3. Unplug your headphones
I love music. But the problem with music is when I am listening to music and walking— I am totally zoned out of the “real world”. I can’t see things as vividly when I am having sound-waves blasted into my ears.
I still find it difficult to walk long distances, especially when I feel bored, without listening to music. But on the occasions I do walk without listening to music, I see a lot more.
So when you’re out shooting street photography— try your best not to listen to music. I know some photographers who like to listen to music while shooting (it helps them get in the groove)— but try it also without listening to music.
One of the benefits of shooting street photography without listening to music is that you can sometimes overhear conversations that might be of interest— which might draw you closer to them; awaiting to take a photograph.
Not only that but for practical reasons, not having your headphones on while crossing the street might help prevent you from getting run over by a bus, a taxi, (or nowadays) an inattentive Uber drive texting-while-driving or consulting Google Maps to see where his next pickup is.
See, appreciate, and record
I think photography is really three steps:
We have to first see what we find interesting in the world. Then we have to appreciate what we see before our eyes— and appreciate the inherent beauty in it. Then lastly, we need to record that moment (taking a photograph).
Photography is really the “art of seeing” — the recording (actual taking of the photograph) is easy. Any smartphone camera can make a picture-perfect image nowadays. But how few people can really see beauty in the world anymore?
Meditate in nature
I find whenever I am becoming too obsessed with technology, I just go out for a walk, and take nature-photos with my smartphone. This helps me re-connect to my roots (I started off taking photos of landscapes and flowers, like any good beginner).

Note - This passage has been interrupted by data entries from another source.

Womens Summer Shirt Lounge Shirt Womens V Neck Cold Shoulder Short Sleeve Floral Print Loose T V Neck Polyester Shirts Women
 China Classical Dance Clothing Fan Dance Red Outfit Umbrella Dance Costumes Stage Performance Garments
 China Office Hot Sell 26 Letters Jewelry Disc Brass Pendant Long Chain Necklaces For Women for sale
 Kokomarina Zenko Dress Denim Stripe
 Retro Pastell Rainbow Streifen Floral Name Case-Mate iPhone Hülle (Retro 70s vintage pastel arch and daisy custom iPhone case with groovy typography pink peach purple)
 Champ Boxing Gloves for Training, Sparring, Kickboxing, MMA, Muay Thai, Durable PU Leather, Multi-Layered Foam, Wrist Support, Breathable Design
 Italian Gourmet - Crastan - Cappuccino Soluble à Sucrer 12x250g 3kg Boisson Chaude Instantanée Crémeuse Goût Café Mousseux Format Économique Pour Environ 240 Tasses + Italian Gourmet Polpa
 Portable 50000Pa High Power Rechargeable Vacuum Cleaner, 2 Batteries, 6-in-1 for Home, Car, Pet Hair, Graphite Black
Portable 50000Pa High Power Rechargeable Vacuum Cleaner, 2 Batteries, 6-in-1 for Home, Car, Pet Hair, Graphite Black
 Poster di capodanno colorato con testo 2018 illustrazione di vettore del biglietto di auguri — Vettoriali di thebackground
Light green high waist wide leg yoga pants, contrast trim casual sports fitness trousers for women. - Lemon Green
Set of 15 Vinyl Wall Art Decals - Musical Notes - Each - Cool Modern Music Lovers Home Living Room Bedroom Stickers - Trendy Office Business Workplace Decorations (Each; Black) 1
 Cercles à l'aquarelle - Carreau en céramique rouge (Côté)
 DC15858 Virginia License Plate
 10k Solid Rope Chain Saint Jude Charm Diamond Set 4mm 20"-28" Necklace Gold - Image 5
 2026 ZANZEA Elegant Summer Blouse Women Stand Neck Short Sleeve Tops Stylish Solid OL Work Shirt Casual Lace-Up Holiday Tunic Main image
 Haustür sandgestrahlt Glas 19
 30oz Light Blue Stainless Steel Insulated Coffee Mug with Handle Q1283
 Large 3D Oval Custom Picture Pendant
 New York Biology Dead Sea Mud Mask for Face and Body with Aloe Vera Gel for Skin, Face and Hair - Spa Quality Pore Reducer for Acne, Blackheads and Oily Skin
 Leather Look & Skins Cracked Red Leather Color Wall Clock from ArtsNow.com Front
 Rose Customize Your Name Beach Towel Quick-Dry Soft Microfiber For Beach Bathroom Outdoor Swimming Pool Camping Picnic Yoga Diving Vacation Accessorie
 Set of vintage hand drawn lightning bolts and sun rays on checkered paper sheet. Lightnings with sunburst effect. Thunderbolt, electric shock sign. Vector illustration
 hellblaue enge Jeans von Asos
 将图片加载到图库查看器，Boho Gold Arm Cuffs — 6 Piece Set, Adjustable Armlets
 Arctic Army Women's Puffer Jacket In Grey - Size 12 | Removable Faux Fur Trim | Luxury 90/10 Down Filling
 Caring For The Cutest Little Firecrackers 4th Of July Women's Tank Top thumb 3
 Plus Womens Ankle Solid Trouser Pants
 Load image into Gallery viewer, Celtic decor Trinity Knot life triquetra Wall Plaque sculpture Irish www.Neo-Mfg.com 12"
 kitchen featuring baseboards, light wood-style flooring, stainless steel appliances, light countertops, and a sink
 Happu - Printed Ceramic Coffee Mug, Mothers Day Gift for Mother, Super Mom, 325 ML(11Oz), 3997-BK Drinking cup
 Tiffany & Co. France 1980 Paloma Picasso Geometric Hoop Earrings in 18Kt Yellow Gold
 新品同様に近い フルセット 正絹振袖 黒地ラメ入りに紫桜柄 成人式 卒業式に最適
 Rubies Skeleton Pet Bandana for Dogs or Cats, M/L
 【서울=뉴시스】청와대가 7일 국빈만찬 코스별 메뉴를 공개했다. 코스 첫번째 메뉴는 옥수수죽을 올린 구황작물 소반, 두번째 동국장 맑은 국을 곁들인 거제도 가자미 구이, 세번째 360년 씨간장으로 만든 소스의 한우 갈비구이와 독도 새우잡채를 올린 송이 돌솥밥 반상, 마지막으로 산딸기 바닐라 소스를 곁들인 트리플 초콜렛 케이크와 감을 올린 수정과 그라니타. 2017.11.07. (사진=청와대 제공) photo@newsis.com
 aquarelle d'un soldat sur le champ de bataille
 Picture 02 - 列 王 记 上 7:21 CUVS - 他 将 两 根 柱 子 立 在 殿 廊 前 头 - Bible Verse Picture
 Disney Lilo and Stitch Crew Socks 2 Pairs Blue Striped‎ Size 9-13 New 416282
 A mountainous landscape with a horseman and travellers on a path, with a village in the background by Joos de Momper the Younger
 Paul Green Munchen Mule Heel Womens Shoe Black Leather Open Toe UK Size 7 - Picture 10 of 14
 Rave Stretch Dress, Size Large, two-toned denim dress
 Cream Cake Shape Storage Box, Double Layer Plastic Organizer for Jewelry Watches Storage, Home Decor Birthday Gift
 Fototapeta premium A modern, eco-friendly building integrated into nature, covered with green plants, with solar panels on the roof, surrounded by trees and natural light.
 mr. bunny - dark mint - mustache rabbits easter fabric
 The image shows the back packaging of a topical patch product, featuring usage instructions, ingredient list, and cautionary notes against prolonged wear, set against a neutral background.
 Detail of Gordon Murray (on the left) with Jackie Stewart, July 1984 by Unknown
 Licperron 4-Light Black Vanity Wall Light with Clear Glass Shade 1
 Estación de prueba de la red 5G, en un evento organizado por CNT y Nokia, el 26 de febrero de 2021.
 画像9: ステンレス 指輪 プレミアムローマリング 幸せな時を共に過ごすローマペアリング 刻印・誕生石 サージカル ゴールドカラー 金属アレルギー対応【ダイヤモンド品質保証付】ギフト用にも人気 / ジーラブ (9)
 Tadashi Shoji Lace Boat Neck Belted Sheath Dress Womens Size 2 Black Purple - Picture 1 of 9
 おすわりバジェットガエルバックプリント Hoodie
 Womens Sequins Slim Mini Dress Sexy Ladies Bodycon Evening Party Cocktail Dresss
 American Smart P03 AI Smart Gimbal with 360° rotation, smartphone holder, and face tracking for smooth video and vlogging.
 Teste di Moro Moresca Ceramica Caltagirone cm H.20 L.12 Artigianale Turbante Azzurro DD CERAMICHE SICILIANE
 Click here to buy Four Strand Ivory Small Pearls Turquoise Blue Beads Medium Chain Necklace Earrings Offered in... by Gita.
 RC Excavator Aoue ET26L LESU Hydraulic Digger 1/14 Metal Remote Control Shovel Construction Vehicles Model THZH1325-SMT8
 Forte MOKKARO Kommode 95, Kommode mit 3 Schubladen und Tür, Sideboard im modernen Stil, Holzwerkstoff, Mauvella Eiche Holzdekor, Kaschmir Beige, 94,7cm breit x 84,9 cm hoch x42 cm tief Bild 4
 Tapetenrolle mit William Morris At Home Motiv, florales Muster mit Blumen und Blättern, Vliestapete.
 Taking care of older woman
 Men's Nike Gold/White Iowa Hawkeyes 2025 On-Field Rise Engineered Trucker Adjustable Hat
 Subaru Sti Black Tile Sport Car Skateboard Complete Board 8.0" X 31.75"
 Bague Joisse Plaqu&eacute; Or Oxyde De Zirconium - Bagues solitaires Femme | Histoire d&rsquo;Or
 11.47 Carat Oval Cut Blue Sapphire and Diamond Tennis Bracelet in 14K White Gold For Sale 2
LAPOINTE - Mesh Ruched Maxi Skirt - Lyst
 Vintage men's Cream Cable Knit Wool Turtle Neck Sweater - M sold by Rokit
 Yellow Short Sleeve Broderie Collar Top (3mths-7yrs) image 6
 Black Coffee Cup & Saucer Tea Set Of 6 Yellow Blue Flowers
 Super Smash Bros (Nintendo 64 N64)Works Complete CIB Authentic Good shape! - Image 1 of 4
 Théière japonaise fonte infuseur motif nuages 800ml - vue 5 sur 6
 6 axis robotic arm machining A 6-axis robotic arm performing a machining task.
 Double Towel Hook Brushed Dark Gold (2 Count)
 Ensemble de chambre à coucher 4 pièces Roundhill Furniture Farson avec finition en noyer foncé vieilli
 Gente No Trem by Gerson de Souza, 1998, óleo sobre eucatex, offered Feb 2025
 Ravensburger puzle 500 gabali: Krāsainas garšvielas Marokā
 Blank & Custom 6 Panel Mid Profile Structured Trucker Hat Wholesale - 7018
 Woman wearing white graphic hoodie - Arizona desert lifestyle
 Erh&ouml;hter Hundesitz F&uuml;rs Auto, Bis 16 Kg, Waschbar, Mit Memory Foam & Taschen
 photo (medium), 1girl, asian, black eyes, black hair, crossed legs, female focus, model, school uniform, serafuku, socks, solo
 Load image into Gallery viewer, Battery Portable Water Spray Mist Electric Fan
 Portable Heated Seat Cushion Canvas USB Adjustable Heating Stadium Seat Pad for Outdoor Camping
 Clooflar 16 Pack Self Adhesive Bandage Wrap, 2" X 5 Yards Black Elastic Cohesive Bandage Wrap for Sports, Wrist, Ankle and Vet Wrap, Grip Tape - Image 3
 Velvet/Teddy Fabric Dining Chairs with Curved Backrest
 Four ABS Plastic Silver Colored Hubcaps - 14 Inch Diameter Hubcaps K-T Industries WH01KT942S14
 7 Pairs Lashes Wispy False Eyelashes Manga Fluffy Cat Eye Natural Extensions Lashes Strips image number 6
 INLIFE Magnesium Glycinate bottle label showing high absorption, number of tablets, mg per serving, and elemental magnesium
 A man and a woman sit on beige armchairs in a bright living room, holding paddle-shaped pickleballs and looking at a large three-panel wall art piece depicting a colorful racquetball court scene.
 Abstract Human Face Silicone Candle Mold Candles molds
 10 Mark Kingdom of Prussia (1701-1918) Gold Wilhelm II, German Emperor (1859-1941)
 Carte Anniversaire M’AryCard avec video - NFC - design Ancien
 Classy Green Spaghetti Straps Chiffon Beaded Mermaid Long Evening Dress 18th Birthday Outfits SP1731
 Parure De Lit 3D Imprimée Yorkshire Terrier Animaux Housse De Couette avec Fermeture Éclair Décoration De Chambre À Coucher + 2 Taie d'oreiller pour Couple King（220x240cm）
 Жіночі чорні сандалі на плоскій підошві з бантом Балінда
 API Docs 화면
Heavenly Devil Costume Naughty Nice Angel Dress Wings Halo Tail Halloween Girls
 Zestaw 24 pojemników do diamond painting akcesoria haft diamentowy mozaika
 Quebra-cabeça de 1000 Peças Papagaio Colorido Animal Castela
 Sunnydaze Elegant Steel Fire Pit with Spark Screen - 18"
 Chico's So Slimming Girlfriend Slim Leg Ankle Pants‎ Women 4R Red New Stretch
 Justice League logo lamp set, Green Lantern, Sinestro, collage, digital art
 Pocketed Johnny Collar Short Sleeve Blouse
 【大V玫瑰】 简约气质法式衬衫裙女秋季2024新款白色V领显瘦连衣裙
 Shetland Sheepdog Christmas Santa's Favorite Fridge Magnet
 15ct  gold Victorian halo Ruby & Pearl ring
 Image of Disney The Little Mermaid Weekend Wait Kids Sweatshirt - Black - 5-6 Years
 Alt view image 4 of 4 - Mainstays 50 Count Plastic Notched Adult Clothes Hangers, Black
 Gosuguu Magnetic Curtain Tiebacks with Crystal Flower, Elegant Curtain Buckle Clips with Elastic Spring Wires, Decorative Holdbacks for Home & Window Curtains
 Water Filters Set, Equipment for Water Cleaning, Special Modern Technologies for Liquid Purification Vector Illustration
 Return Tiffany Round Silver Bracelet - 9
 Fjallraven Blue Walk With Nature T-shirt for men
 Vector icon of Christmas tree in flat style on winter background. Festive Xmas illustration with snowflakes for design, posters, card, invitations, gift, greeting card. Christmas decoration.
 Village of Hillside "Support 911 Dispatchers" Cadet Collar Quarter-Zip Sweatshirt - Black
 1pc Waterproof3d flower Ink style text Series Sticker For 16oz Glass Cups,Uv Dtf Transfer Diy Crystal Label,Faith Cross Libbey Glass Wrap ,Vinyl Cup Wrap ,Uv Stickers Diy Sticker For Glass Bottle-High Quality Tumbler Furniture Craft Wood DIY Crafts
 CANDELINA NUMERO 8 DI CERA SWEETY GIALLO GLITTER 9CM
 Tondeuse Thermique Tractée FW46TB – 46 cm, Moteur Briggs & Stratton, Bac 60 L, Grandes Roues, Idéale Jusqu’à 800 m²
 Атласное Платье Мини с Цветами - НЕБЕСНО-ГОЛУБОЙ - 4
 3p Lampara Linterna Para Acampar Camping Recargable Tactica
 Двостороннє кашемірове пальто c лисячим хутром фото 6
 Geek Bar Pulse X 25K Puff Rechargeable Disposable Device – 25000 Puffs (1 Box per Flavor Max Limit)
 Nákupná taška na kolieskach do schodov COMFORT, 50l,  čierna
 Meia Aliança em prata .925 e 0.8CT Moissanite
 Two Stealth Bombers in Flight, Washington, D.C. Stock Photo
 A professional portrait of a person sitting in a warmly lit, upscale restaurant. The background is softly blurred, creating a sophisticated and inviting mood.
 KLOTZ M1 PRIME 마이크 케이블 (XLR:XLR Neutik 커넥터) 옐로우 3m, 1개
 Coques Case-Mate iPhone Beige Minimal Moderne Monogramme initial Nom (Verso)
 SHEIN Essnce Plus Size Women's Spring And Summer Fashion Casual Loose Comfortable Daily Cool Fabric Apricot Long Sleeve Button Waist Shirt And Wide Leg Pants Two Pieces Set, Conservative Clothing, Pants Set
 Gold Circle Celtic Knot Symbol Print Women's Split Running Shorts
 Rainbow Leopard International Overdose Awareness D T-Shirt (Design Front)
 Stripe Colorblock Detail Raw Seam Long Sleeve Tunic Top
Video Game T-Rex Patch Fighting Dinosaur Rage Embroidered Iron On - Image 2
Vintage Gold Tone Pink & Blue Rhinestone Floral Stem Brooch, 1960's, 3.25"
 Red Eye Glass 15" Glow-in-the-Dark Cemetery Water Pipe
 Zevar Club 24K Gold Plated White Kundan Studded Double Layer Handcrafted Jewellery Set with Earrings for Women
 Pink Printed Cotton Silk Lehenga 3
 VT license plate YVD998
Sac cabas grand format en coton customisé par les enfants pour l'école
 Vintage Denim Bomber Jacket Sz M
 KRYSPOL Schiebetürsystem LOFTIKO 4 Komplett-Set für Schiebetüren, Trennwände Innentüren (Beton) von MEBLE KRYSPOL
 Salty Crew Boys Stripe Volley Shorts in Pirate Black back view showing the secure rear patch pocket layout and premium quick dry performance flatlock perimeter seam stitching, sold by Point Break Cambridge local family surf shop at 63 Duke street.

Although cities and the streets are what ultimately interest me— being able to cultivate your interest in natural beauty is a good way to re-invigorate yourself. And use the most basic equipment possible (once again, smartphone)— and you will see how your photographic limit isn’t being hampered by your equipment— but by your eyes.
See, see, see
Your eyes are hungry. Your eyes are hungry to see more beauty in the real world. Your eyes want to consume what you see before it. Feed your eyes— don’t let your eyes be blocked. Explore the world, have fun, follow your curiosity, be brave, be social, be happy, smile, dance, frolic— whatever. Be the crazy and weird photographer that everyone looks at funny— but enjoy your experience of noticing beauty, and capturing beauty.
After all, isn’t that what photography is all about?
10:47am, March 14, 2016 @ My ghetto standing desk (chair on top of my IKEA dining table) in Berkeley.